Click Download next to your chosen model
Wait for the download to complete. Model files are large (several GB) so this may take a few minutes.

System requirements

System memory	Recommended model	Notes
64 GB+	Qwen3.5 35B A3B (Q8_0)	Best quality, MoE architecture keeps active parameters low
16-32 GB	Qwen3.5 9B (Q8_0)	Good balance of quality and memory usage

Step 3: Start the local server

Click the Developer tab (code icon) in the left sidebar
Select your downloaded model from the model dropdown
Click Start Server

The server runs at http://localhost:1234/v1 by default. You should see a green status indicator when the server is running.
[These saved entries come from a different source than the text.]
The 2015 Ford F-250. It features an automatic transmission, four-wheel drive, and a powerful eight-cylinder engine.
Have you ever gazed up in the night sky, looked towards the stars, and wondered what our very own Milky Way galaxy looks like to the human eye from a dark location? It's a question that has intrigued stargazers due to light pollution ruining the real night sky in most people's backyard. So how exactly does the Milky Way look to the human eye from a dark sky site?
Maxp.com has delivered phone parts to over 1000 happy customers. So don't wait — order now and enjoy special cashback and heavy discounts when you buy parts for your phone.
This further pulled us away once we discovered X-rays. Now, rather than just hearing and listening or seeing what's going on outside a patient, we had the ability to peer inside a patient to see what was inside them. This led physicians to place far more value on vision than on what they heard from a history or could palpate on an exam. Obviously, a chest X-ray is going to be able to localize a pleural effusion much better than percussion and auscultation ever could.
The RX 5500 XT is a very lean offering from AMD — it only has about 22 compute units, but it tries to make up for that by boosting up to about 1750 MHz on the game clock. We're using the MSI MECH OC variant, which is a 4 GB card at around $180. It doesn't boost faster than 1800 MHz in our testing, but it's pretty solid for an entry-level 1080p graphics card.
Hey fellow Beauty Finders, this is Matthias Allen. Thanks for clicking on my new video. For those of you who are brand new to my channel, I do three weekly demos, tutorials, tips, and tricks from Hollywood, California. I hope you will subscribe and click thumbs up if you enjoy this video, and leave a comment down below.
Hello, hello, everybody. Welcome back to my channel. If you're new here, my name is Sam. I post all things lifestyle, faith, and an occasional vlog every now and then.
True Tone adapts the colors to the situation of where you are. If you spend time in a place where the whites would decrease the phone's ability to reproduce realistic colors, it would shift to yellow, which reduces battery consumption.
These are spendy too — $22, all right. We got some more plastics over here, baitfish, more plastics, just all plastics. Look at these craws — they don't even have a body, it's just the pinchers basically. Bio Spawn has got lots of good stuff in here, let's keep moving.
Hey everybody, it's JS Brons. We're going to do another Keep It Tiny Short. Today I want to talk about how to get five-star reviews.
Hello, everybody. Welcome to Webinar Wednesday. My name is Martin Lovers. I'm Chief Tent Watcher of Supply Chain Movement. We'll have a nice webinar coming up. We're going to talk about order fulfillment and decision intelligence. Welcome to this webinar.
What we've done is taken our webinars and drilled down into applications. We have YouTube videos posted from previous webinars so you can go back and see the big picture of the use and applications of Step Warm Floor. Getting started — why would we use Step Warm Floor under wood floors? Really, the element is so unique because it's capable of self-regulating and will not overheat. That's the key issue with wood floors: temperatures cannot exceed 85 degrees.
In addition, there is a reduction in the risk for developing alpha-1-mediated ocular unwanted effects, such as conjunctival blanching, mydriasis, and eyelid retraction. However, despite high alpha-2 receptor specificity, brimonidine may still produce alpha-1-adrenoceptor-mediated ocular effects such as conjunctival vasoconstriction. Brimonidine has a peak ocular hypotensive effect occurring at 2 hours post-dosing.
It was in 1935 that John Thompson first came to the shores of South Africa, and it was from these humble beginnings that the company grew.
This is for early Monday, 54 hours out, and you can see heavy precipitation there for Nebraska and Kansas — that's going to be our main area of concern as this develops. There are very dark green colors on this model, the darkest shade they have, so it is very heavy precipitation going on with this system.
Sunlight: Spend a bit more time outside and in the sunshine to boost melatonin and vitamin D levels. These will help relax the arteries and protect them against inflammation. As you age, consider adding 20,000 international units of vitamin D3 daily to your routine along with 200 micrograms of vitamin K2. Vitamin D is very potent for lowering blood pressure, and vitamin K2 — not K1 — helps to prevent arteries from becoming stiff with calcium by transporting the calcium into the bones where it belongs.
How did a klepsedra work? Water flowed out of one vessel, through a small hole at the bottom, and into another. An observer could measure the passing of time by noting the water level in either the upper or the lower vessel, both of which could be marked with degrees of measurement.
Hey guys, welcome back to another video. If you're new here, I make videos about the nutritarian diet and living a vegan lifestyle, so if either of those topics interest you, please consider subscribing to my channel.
Step 4: Set the context length

LM Studio's default context length (4,096 tokens) is too small for coaching assessments. You must increase it:

In the Developer tab, click the model settings (gear icon)
Find Context Length
Set it to at least 32,768 (32K) for shorter sessions, or 65,536 (64K) for full session transcripts on 64 GB+ systems

System memory	Recommended context length
16-32 GB	32,768 tokens (32K)
64 GB+	65,536 tokens (64K)

After changing the context length in LM Studio, set the matching value in the coaching platform under Settings > AI > Advanced tuning > Context limit.

warning

If the context length is too small, long transcripts will be truncated and assessments will be incomplete or shallow. Always increase it from the default.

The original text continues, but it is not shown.